=== Given entries ===

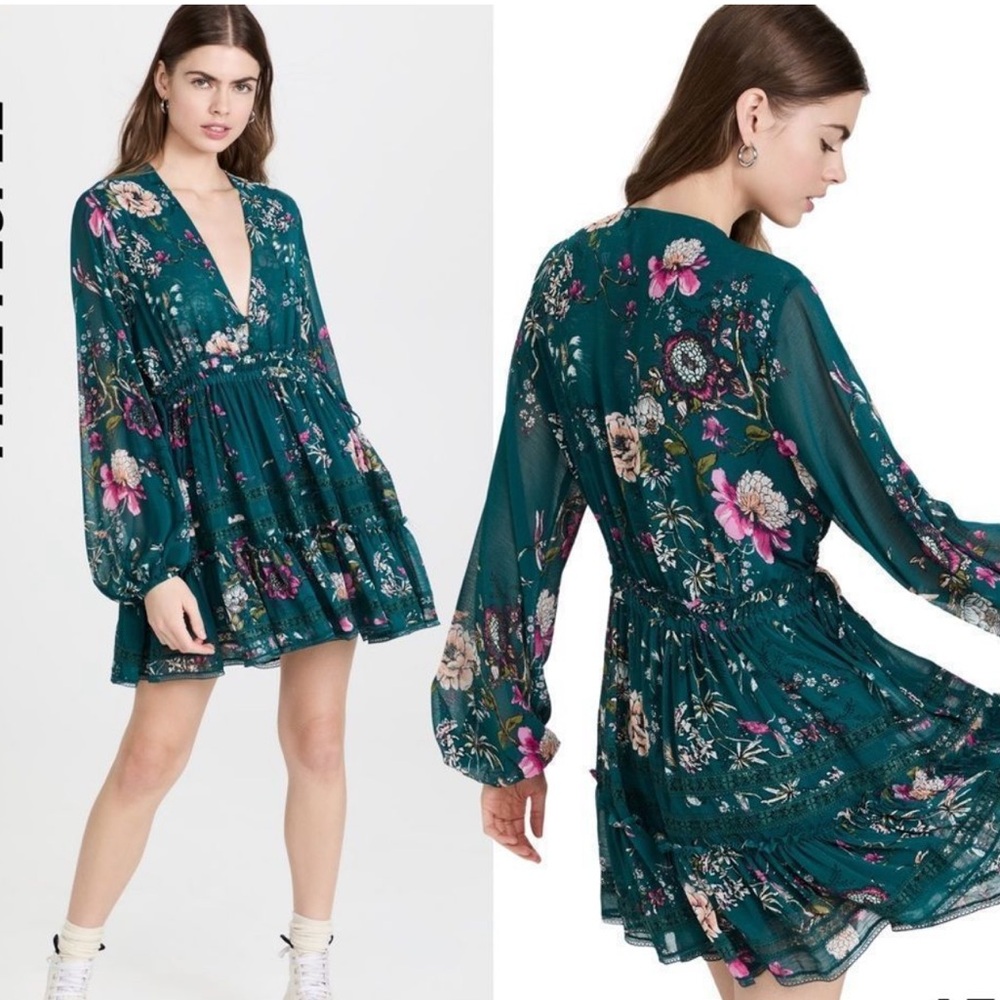 FREE PEOPLE CHERRY BLOSSOM MINI DRESS XS - Picture 3 of 14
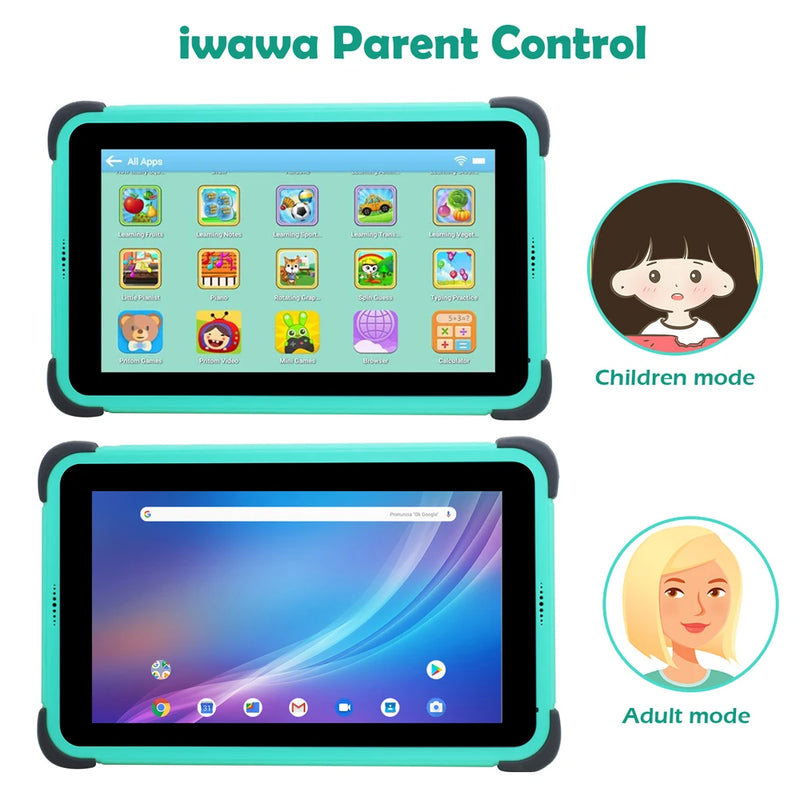 CWOWDEFU Kids Tablet 8 Inch HD 1280x800 Android 11.0 Wifi 6 5+8MP Camera Google Play Tablets for Children Students 2GB 32GB Gift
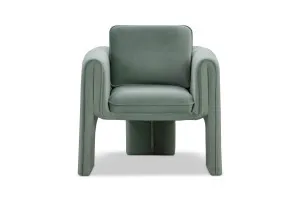 Alona Modern Armchair, Green Luxe Velvet Upholstery, by Lounge Lovers by Lounge Lovers, a Chairs for sale on Style Sourcebook
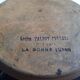 Glazed stoneware bowl stamped Lucien Talbot-Foucher, La Borne (Cher)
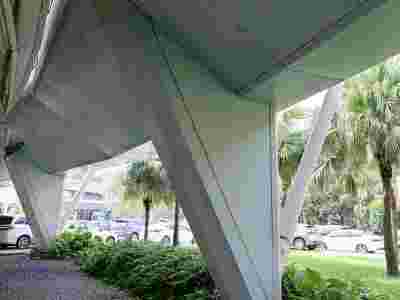 冲孔镂空氟碳铝板包柱子 包柱铝单板造型效果图图2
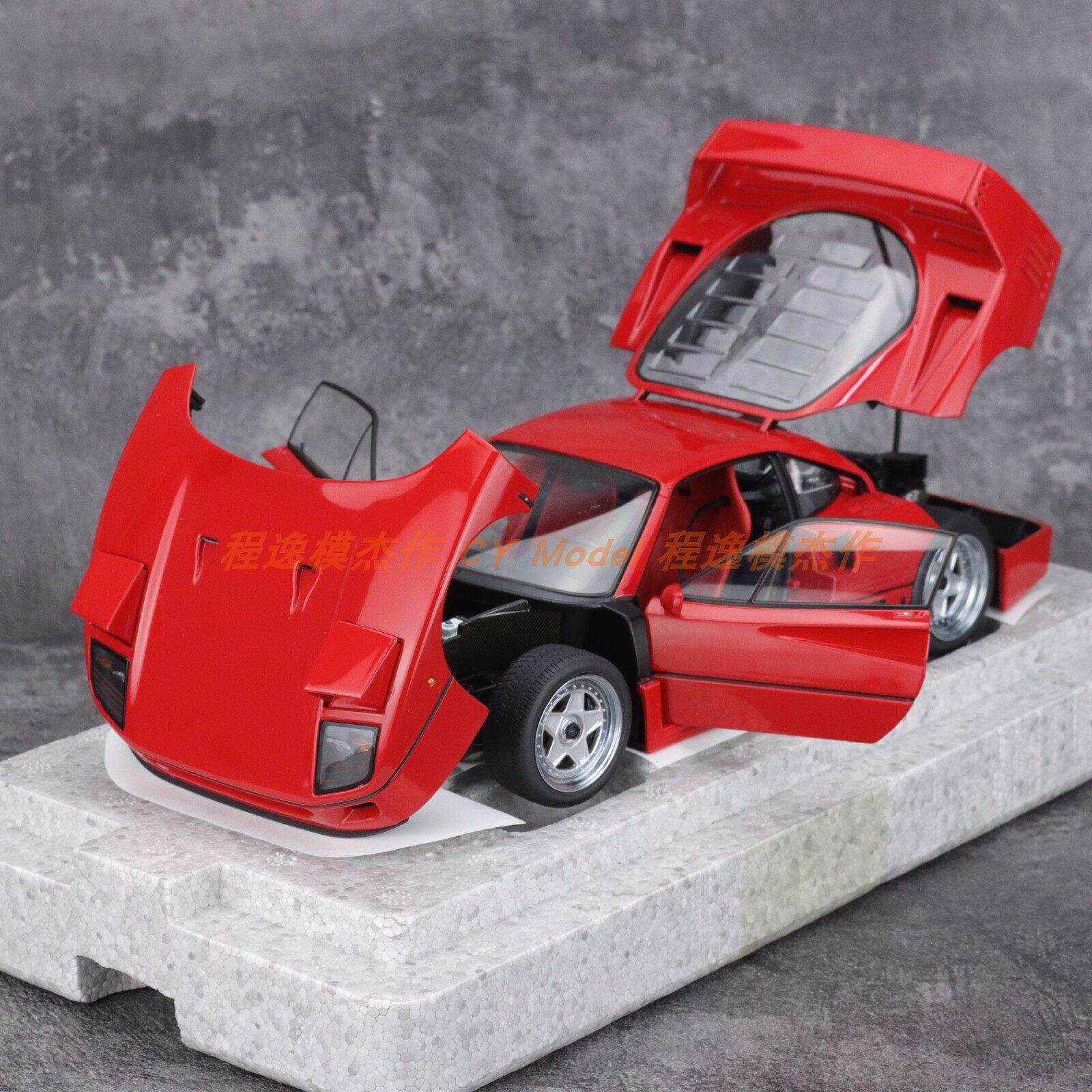 Montage 1/18 Ferrari F40 Foam box base gift box Alloy Diecast Model Car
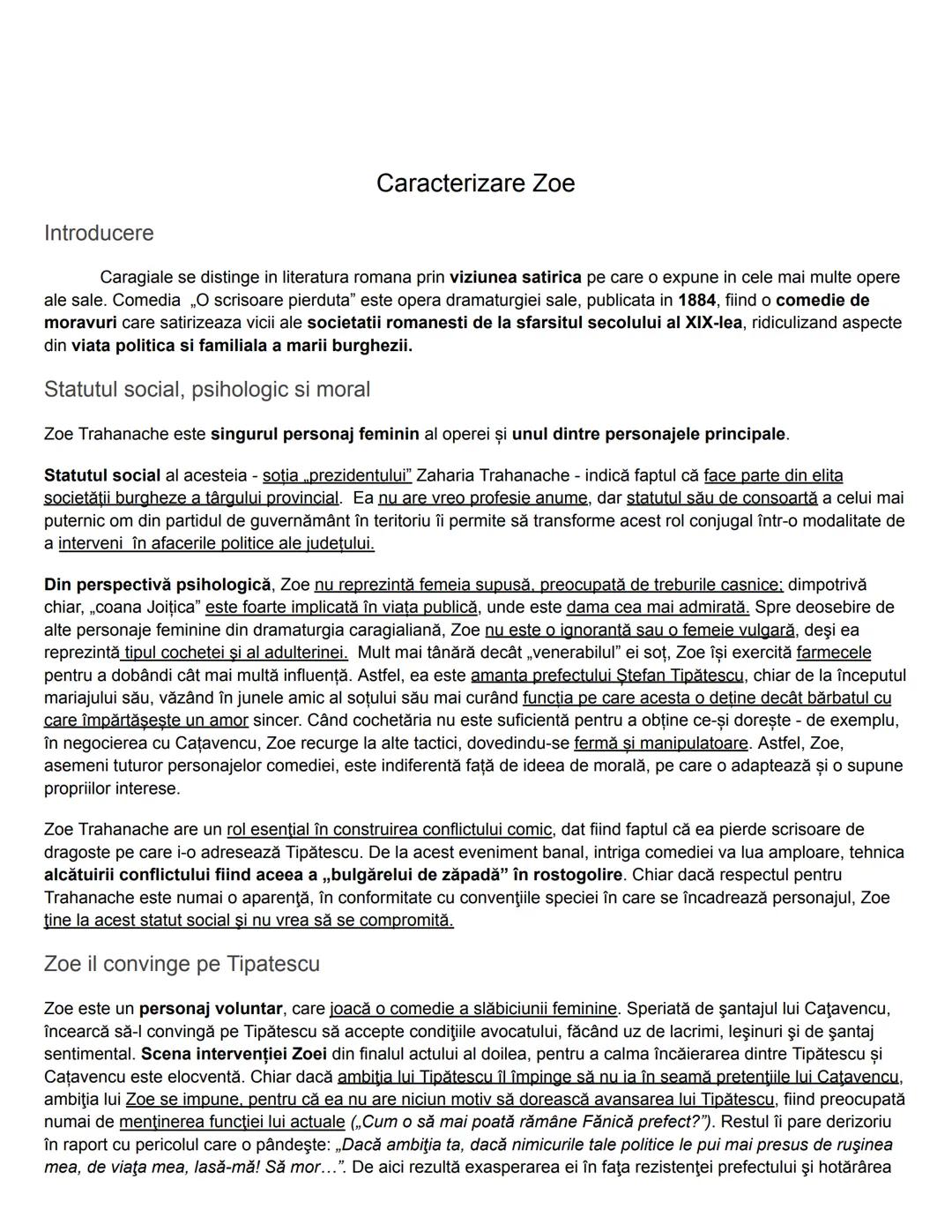 SCHEMA ESEU
REPERUL 1
- Statutul moral, social, psihologic Zoe
REPERUL 2
- Scena Zoe-Tipatescu
- Scena Zoe- Catavencu
REPERUL 3
- Conf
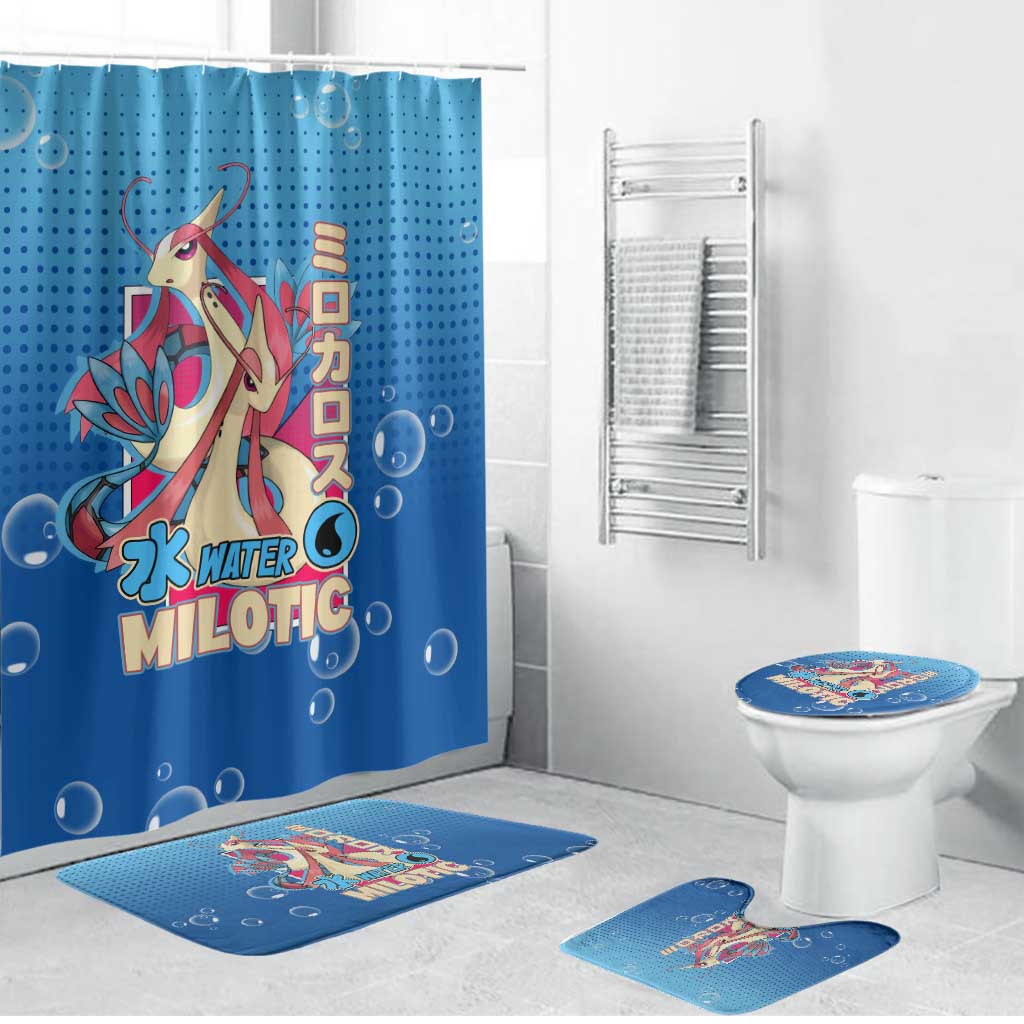Milotic from Poké Bathroom Set with Water Type Ability and Graceful Pose Design - The Mazicc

===

• **Problem to solve**: Without the pictures, copy the entries from their first line through the line containing "冲孔镂空氟碳铝板包柱子 包柱铝单板造型效果图图2", and only those lines.

• **Exercise answer**:
 FREE PEOPLE CHERRY BLOSSOM MINI DRESS XS - Picture 3 of 14
 CWOWDEFU Kids Tablet 8 Inch HD 1280x800 Android 11.0 Wifi 6 5+8MP Camera Google Play Tablets for Children Students 2GB 32GB Gift
 Alona Modern Armchair, Green Luxe Velvet Upholstery, by Lounge Lovers by Lounge Lovers, a Chairs for sale on Style Sourcebook
 Glazed stoneware bowl stamped Lucien Talbot-Foucher, La Borne (Cher)
 冲孔镂空氟碳铝板包柱子 包柱铝单板造型效果图图2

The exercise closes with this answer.